Re: [PATCH v8 01/23] mm: Introduce PTE_MARKER swap entry
From: Alistair Popple
Date: Mon Apr 11 2022 - 21:21:58 EST
Hi Peter,
I noticed this while reviewing the next patch in the series. I think you need to
add CONFIG_PTE_MARKER to the below as well:
#if defined(CONFIG_MEMORY_FAILURE) || defined(CONFIG_MIGRATION) || \
defined(CONFIG_DEVICE_PRIVATE)
static inline int non_swap_entry(swp_entry_t entry)
{
return swp_type(entry) >= MAX_SWAPFILES;
}
#else
static inline int non_swap_entry(swp_entry_t entry)
{
return 0;
}
#endif
Otherwise marker entries will be treated as swap entries, which is wrong for
example in swapin_walk_pmd_entry() as marker entries are no longer considered
pte_none().
- Alistair
Peter Xu <peterx@xxxxxxxxxx> writes:
> This patch introduces a new swap entry type called PTE_MARKER. It can be
> installed for any pte that maps a file-backed memory when the pte is
> temporarily zapped, so as to maintain per-pte information.
>
> The information that kept in the pte is called a "marker". Here we define the
> marker as "unsigned long" just to match pgoff_t, however it will only work if
> it still fits in swp_offset(), which is e.g. currently 58 bits on x86_64.
>
> A new config CONFIG_PTE_MARKER is introduced too; it's by default off.

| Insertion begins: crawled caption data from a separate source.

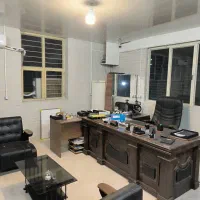 سوله شیک جاده قمصر کوچه میلاد|اجارهٔ دفتر صنعتی، کشاورزی، تجاری|کاشان, دشت لتحر|دیوار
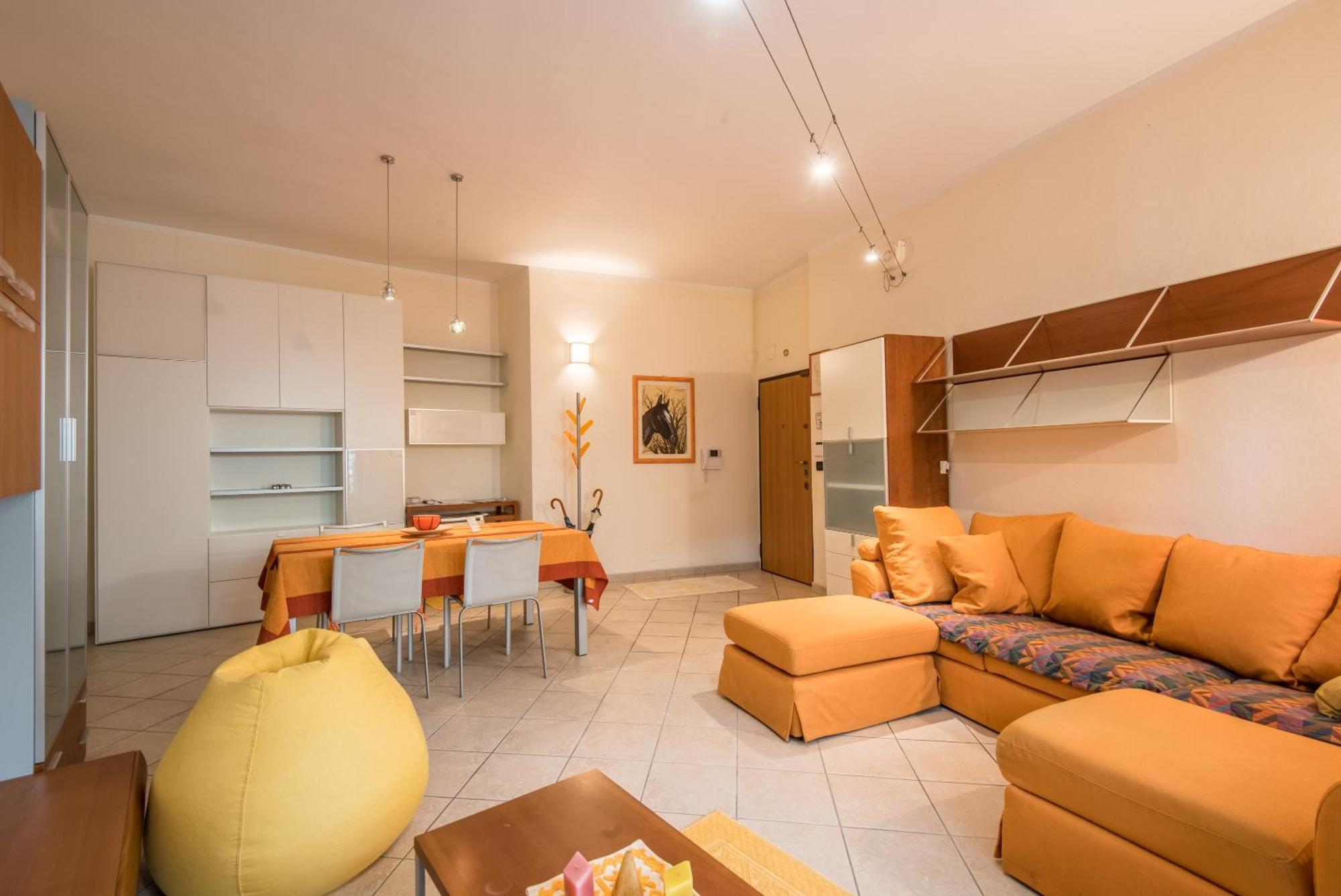 Apartament Dimora Di Sofia Siena Zewnętrze zdjęcie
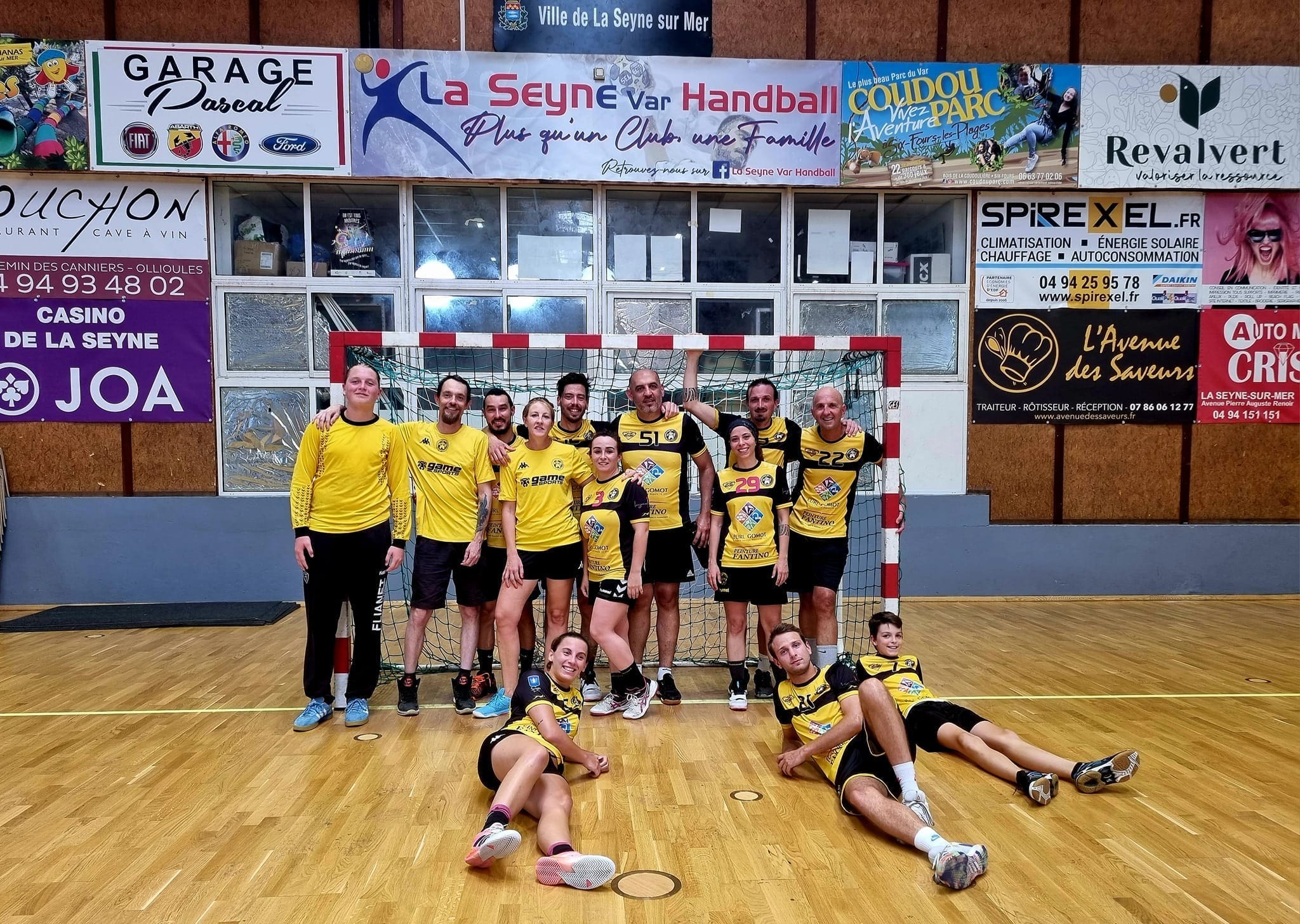 347001443_743969951066404_1068123262428902443_n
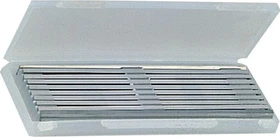 Makita Sägekette, 11.5cm, 1.3mm, 1/4"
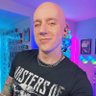 RolyWestYT's profile picture. LGBT+ YouTube Creator & Twitch Streamer living in Brighton! Piercing & Tattoo lover! 🏳️‍🌈 Business: rolywest@colossalinfluence.com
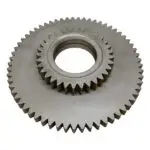 T336690 John Deere 700H 700J 700K 700L Spur Gear 31 and 33 Tooth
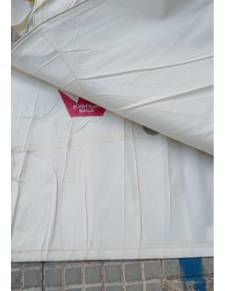 Elsvtrom Sail vela Mayor P 16mts E 5,10mts enrollable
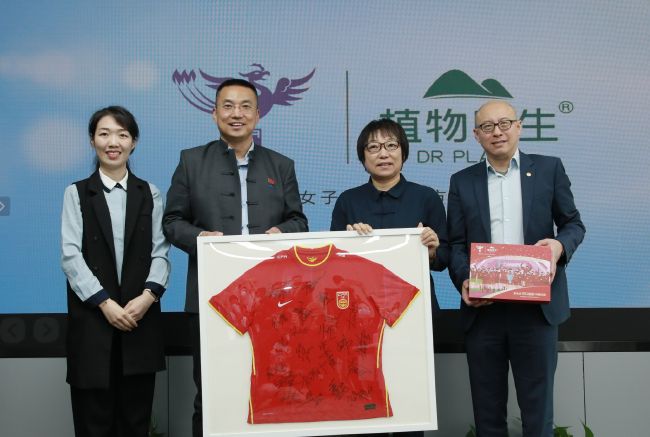 韩国电影无删减版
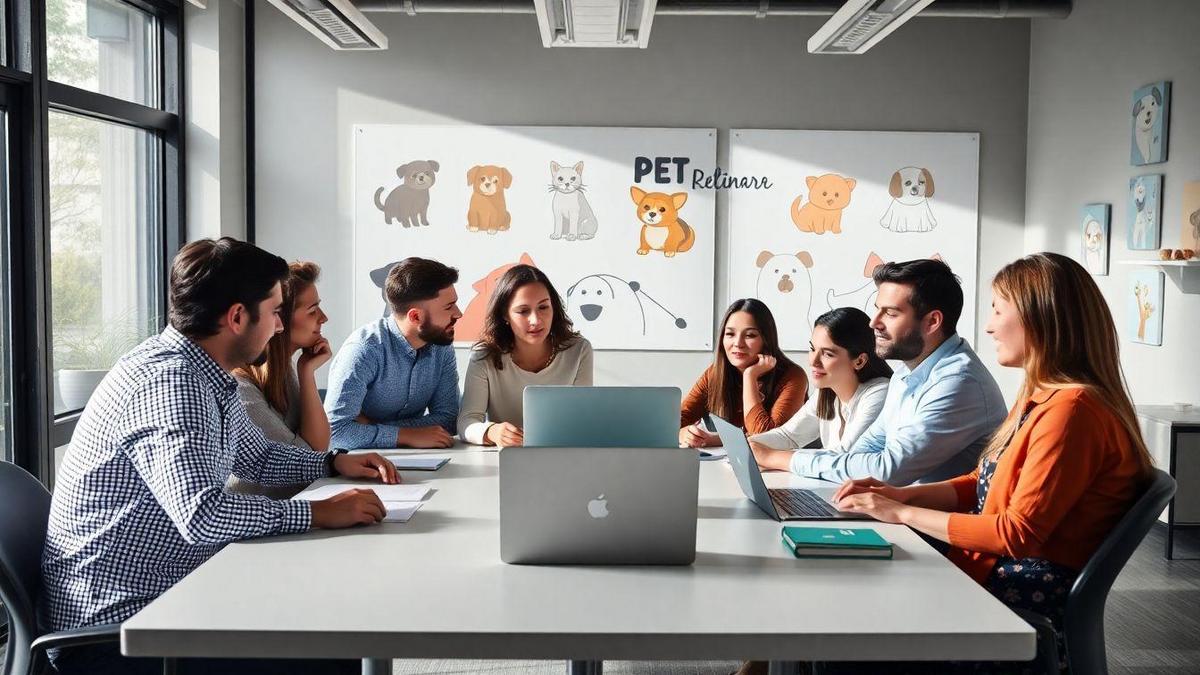 como-uma-agencia-de-marketing-digital-aumenta-a-visibilidade-de-negocios-em-pet-care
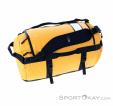 The North Face Base Camp Duffel XS Travelling Bag, The North Face, Yellow, , , 0205-10676, 5638016874, 194905280183, N2-12.jpg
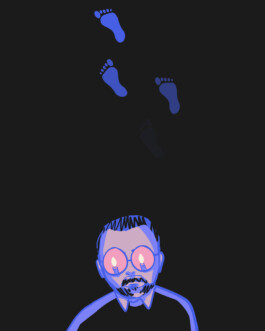 Tales Beyond The Page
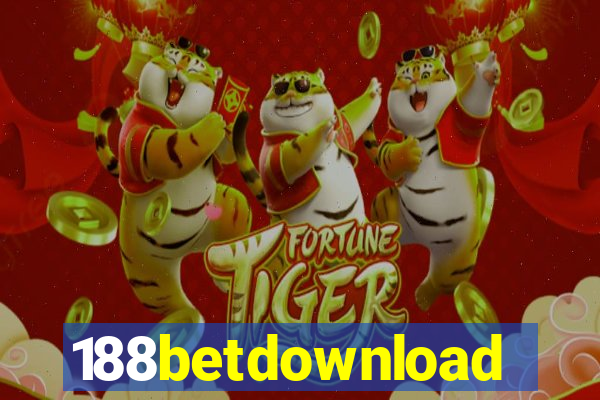 188betdownload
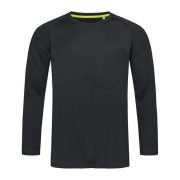 Mesh Long Sleeve for men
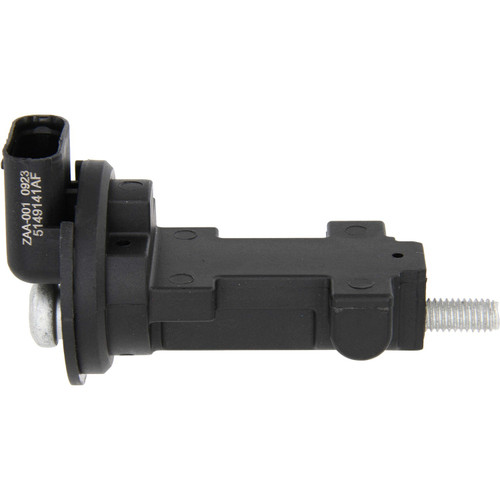 Holstein Engine Camshaft Position Sensor 2CAM0371 for 2011-2025 Chrysler/Dodge/Jeep 3.6L 3.2L (200, 300, Grand Caravan, Pacifica)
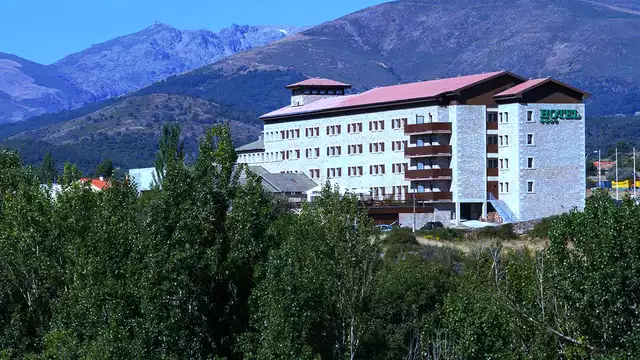 Exclusieve aanbieding aan de rand van de rivier Tormes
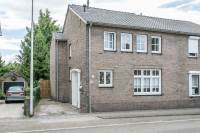 Woning Marktstraat 68 Kerkrade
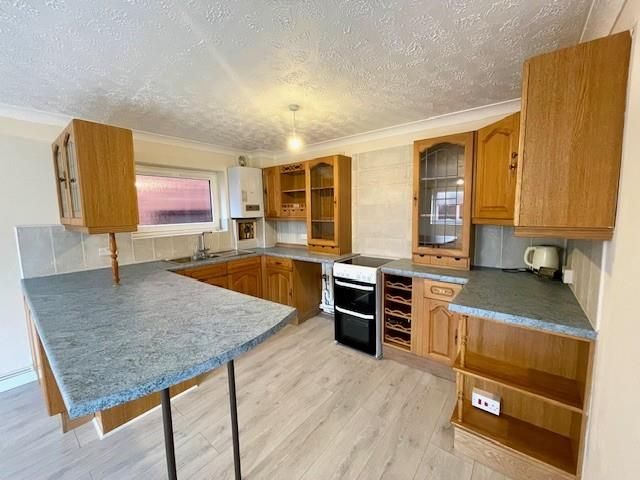 Property photo 2 of 8 Photo 1.Jpg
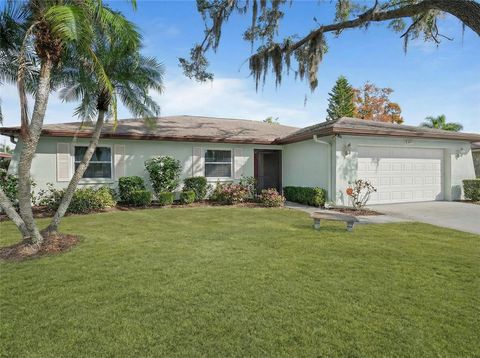 6635 BRENTFORD ROAD SARASOTA FL 34241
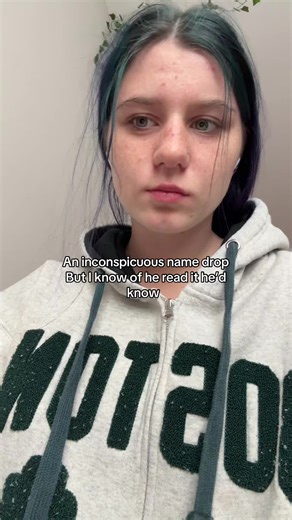 Exploring Poetry and Louis Vuitton References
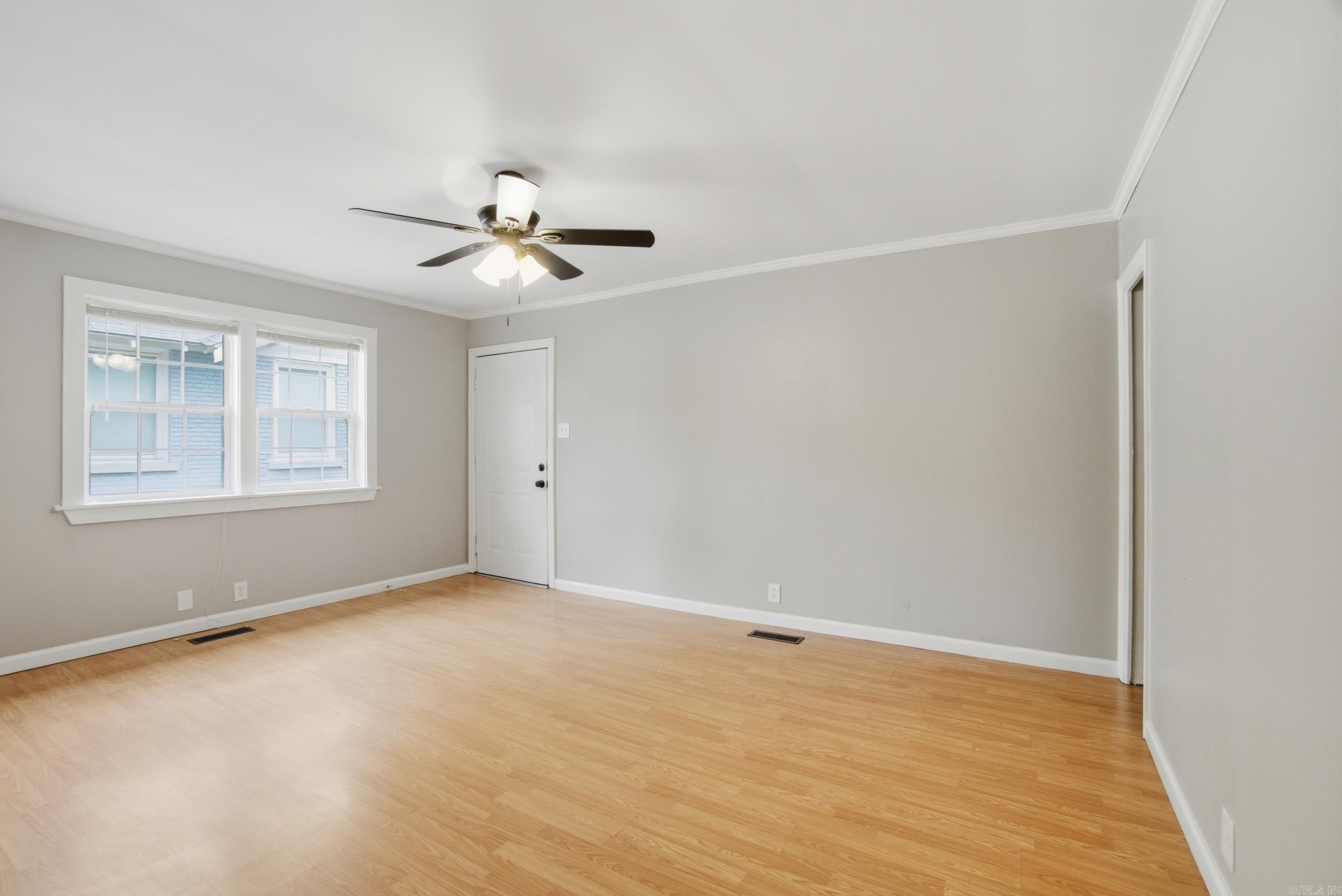 Centenial - Residential Lease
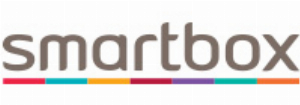 Spain Smartbox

A bunch
> of helpers are defined altogether to service the rest of the pte marker code.
>
> Signed-off-by: Peter Xu <peterx@xxxxxxxxxx>
> ---
> include/asm-generic/hugetlb.h | 9 ++++
> include/linux/swap.h | 15 ++++++-
> include/linux/swapops.h | 78 +++++++++++++++++++++++++++++++++++
> mm/Kconfig | 6 +++
> 4 files changed, 107 insertions(+), 1 deletion(-)
>
> diff --git a/include/asm-generic/hugetlb.h b/include/asm-generic/hugetlb.h
> index 8e1e6244a89d..f39cad20ffc6 100644
> --- a/include/asm-generic/hugetlb.h
> +++ b/include/asm-generic/hugetlb.h
> @@ -2,6 +2,9 @@
> #ifndef _ASM_GENERIC_HUGETLB_H
> #define _ASM_GENERIC_HUGETLB_H
>
> +#include <linux/swap.h>
> +#include <linux/swapops.h>
> +
> static inline pte_t mk_huge_pte(struct page *page, pgprot_t pgprot)
> {
> return mk_pte(page, pgprot);
> @@ -80,6 +83,12 @@ static inline int huge_pte_none(pte_t pte)
> }
> #endif
>
> +/* Please refer to comments above pte_none_mostly() for the usage */
> +static inline int huge_pte_none_mostly(pte_t pte)
> +{
> + return huge_pte_none(pte) || is_pte_marker(pte);
> +}
> +
> #ifndef __HAVE_ARCH_HUGE_PTE_WRPROTECT
> static inline pte_t huge_pte_wrprotect(pte_t pte)
> {
> diff --git a/include/linux/swap.h b/include/linux/swap.h
> index 7daae5a4b3e1..5553189d0215 100644
> --- a/include/linux/swap.h
> +++ b/include/linux/swap.h
> @@ -55,6 +55,19 @@ static inline int current_is_kswapd(void)
> * actions on faults.
> */
>
> +/*
> + * PTE markers are used to persist information onto PTEs that are mapped with
> + * file-backed memories. As its name "PTE" hints, it should only be applied to
> + * the leaves of pgtables.
> + */
> +#ifdef CONFIG_PTE_MARKER
> +#define SWP_PTE_MARKER_NUM 1
> +#define SWP_PTE_MARKER (MAX_SWAPFILES + SWP_HWPOISON_NUM + \
> + SWP_MIGRATION_NUM + SWP_DEVICE_NUM)
> +#else
> +#define SWP_PTE_MARKER_NUM 0
> +#endif
> +
> /*
> * Unaddressable device memory support. See include/linux/hmm.h and
> * Documentation/vm/hmm.rst. Short description is we need struct pages for
> @@ -107,7 +120,7 @@ static inline int current_is_kswapd(void)
>
> #define MAX_SWAPFILES \
> ((1 << MAX_SWAPFILES_SHIFT) - SWP_DEVICE_NUM - \
> - SWP_MIGRATION_NUM - SWP_HWPOISON_NUM)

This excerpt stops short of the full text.